= Warden Pass =

Warden Pass is a snow pass at about 1,000 m trending east–west between the northwest side of Fuchs Dome and Flat Top in the Shackleton Range. The area was surveyed by Commonwealth Trans-Antarctic Expedition in 1957. Named by the United Kingdom Antarctic Place-Names Committee (UK-APC) after Michael A. Warden, British Antarctic Survey (BAS) general assistant, Halley Station, 1970–72, who worked in the area.

Mike Warden writes: In 1970, after a month traveling through the Shackleton Mountain range, the two sledge parties arranged to rendez vous back at their airdrop depot on the Slessor Glacier on Christmas Day. But delayed by bad weather, Peter Clarkson, geologist, and Mike "Muff" Warden, doggyman, said that "come hell or high water" we would get back to the depot on New Year's Eve. A promise we almost regretted making.

On New Year's Eve, we started sledging at 11.15 hours. The sun was high in the sky so the surfaces were lousy - sticky and soft - making it very heavy work for the two dog teams. Progress was very slow. Luckily the up hills were gentle, the down hills fun. We took a short cut over a pass, now named Warden Pass. At 20.00 hours, we reached the top of the pass and could see the tent and the other team in the distance at the depot. We sledged down a long steep slope onto the Slessor Glacier. We crawled the last section up the glacier on better surfaces. Our two dog teams were exhausted and didn't even have a final burst of energy when they got sight of the depot which we eventually reached at 22.45 hours. In my journal I wrote "Both teams were shagged. Eleven and a half hours of traveling, what a flog. Hell or high water we said, and so it was. An epic finish to 1970. 24.8 miles: dogs treated to 2 bars of Nutrican each for the fourth consecutive night, and they deserved it, bless them."
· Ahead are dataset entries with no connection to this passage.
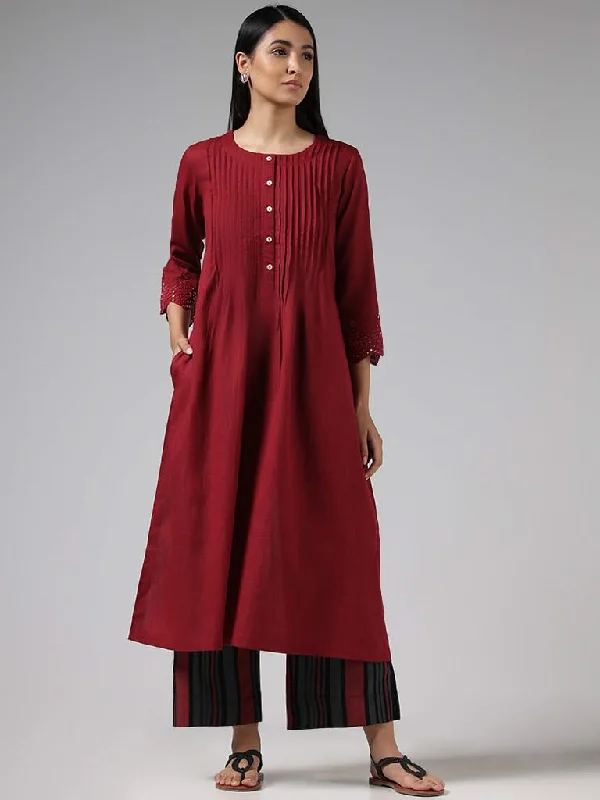 Women's luxury leather pants Stretch women jeans for enhanced mobility and comfort Utsa Maroon Pintucked Gathered Kurta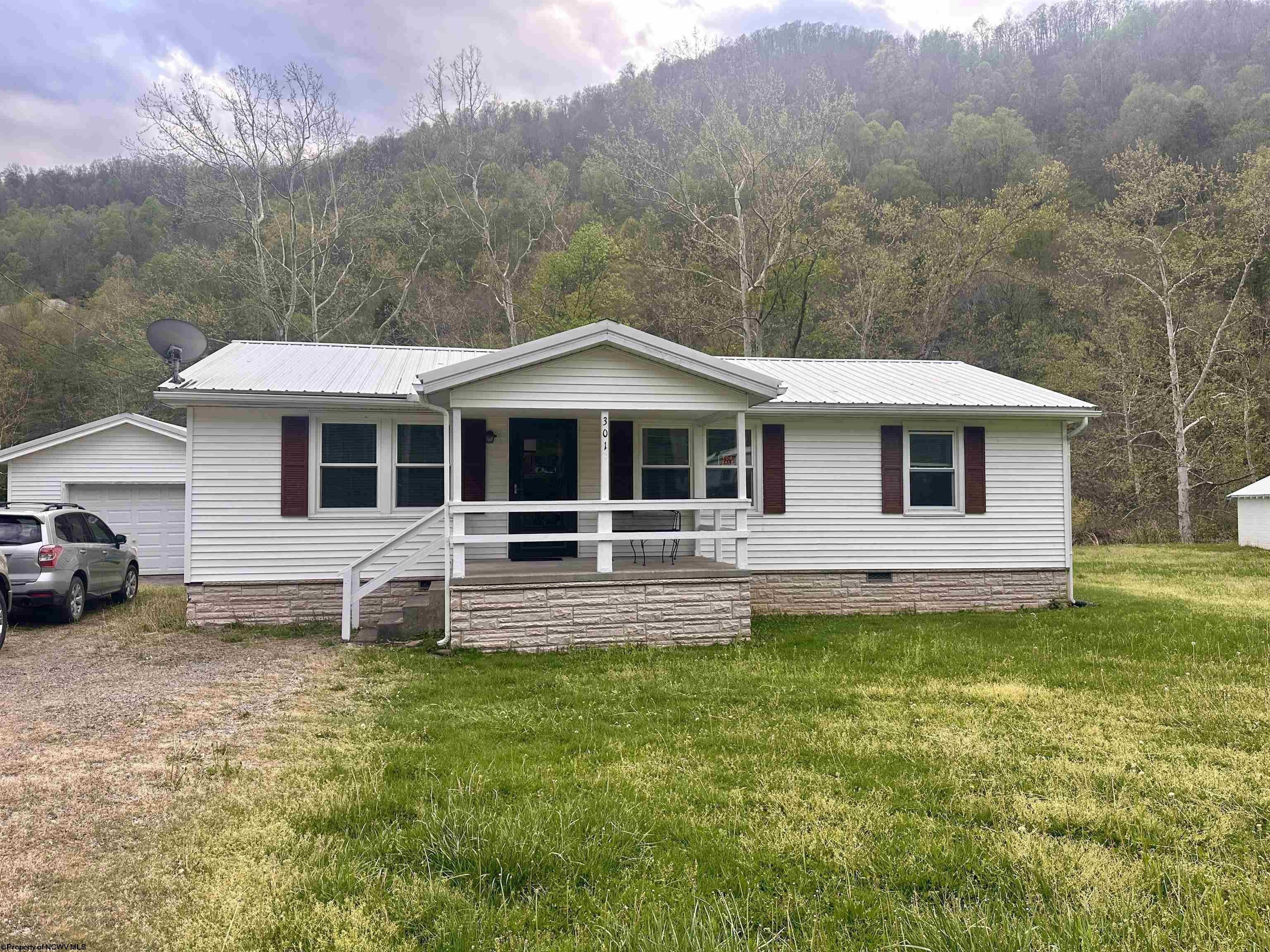 Single Family 3BR 1BA - 301 Elk River Road, Webster Springs, WV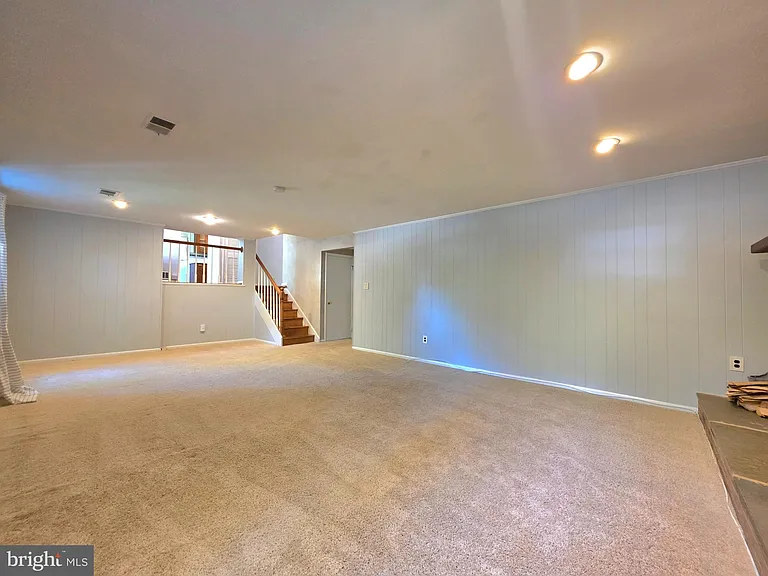 2215 Collingwood Rd — Photo 29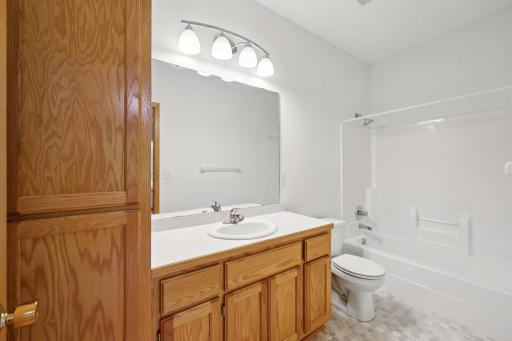 16-web-or-mls-Wyldwood Ln-S1809-025.jpg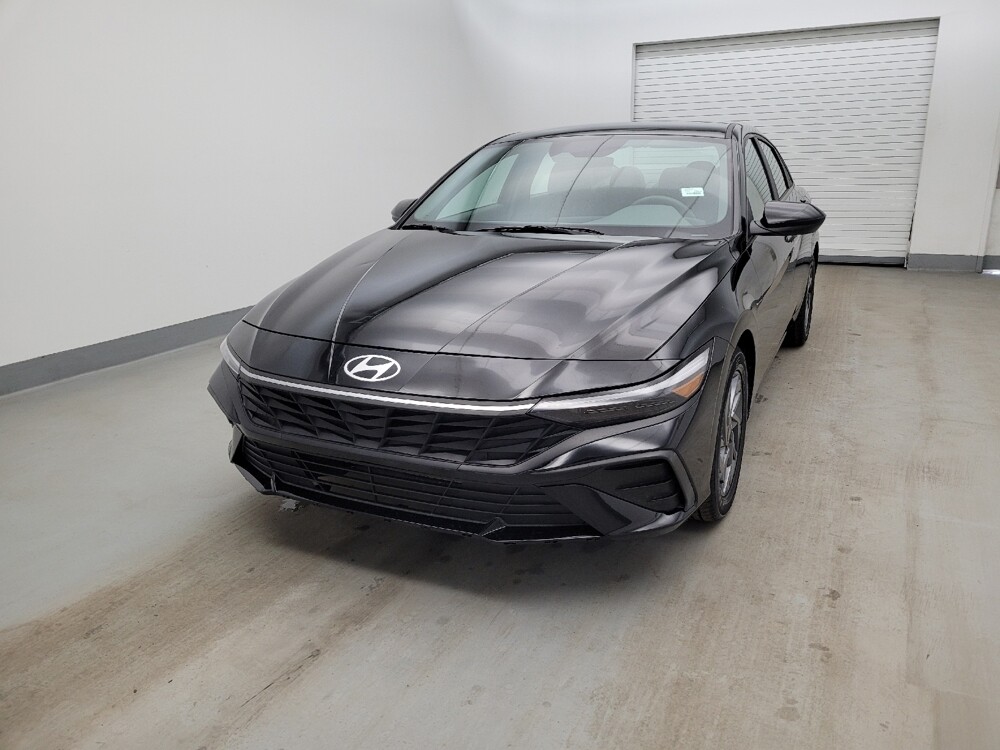 2024 Hyundai Elantra in Maple Heights, OH 44137 - 18123289 15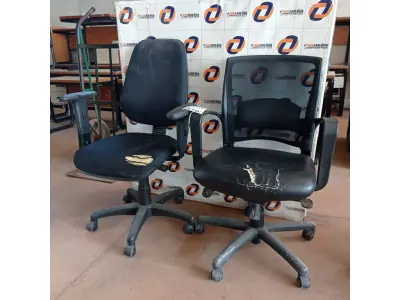LOTE 470 - 02 CADEIRAS DE ESCRITÓRIO COM BASE GIRATÓRIA. (NO ESTADO, LEILÃO NÃO TEM GARANTIA E NEM DEVOLUÇÃO, SUJEITO A POSSÍVEIS AVARIAS VISÍVEIS/OCULTAS E/OU AUSÊNCIA DE COMPONENTES).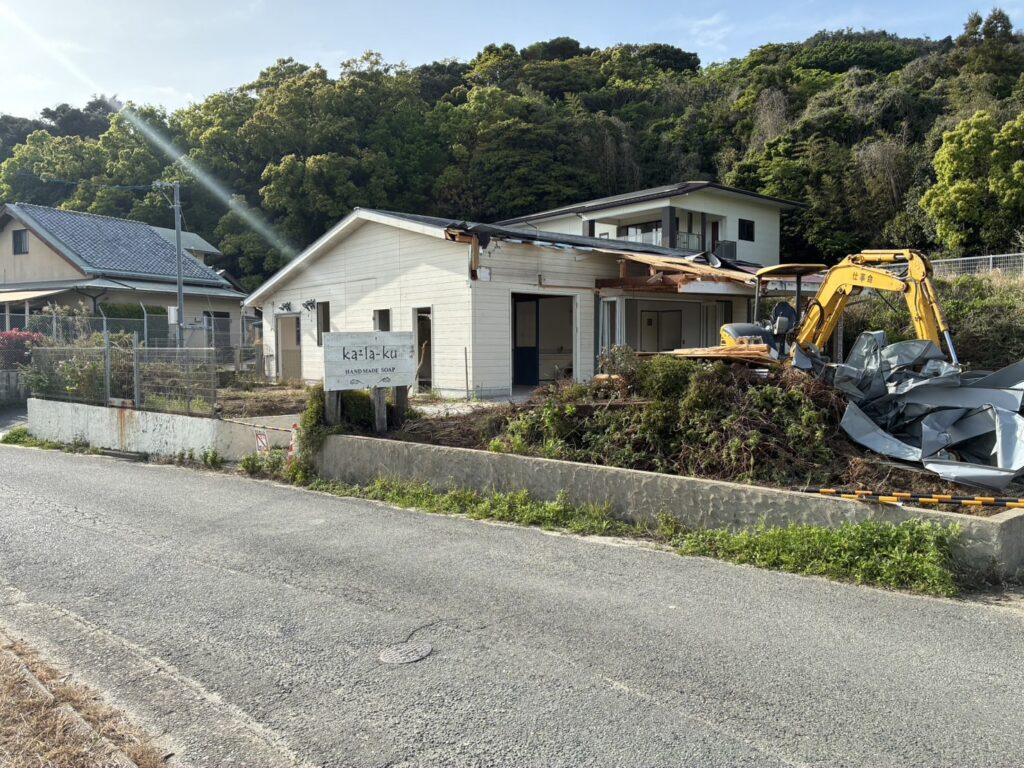糸島市志摩芥屋での解体工事着工前の建物外観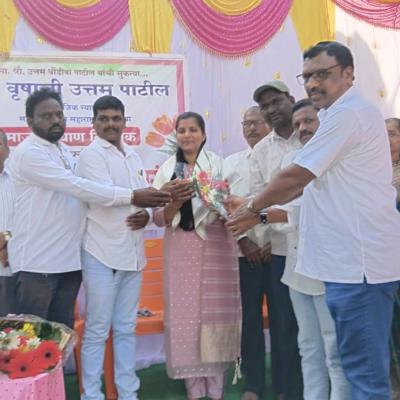 <p>बहुजन क्रांती सामाजिक संघटनेकडून वृषाली पाटील हिचा सत्कार</p>
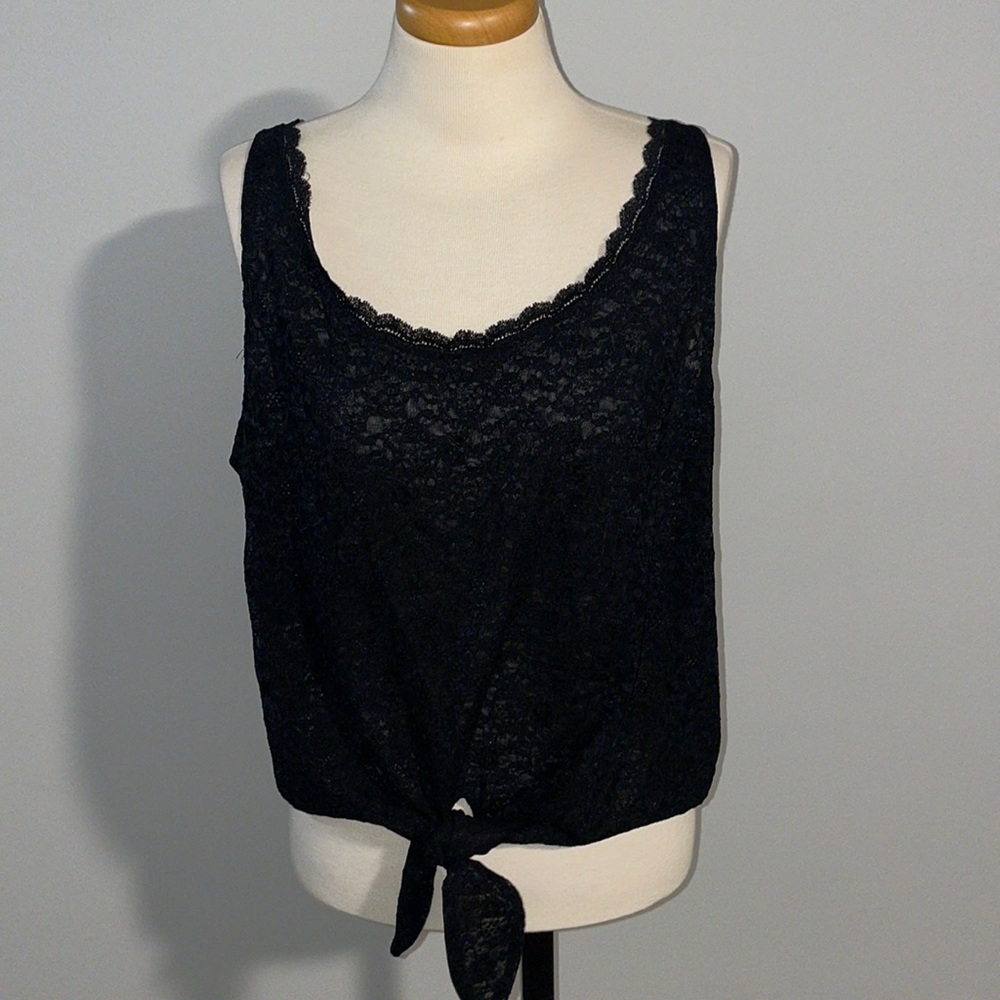 Like new Vs lace crop top!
This was the third consecutive season, and the last, that dog teams were used in the Shackleton Mountains. A few years later the last dogs were removed from Antarctica following an international agreement that all non indigenous animals should be removed from the Continent. What is indigenous? Most of our dogs were at least the third generation that had been bred and born on the continent. The removal of dogs from the continent brought an end to an era of truly the most reliable and exhilarating forms of transport, dog sledging. The contribution dogs made to the exploration of the continent has been marked by a statue of a husky placed outside the headquarters of the British Antarctic Survey at Cambridge, UK.